§ **Input data**
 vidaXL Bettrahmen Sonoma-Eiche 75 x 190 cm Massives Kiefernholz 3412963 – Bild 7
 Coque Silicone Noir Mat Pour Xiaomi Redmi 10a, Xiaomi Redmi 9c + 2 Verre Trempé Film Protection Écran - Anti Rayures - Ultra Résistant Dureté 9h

...

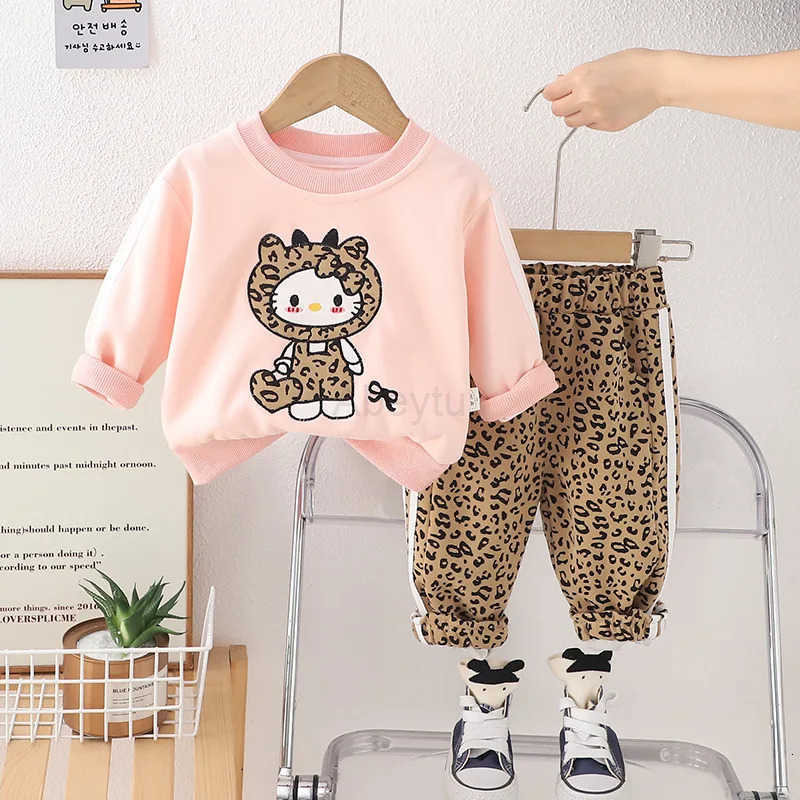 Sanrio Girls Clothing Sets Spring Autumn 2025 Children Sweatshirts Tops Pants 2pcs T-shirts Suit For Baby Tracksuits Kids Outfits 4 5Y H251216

§ **Exercise directions**
Of all the entries above, output exactly the lines between the one holding "vidaXL Bettrahmen Sonoma-Eiche" and the one holding "Coque Silicone Noir", inclusive.

§ **Task response**
 vidaXL Bettrahmen Sonoma-Eiche 75 x 190 cm Massives Kiefernholz 3412963 – Bild 7
 Coque Silicone Noir Mat Pour Xiaomi Redmi 10a, Xiaomi Redmi 9c + 2 Verre Trempé Film Protection Écran - Anti Rayures - Ultra Résistant Dureté 9h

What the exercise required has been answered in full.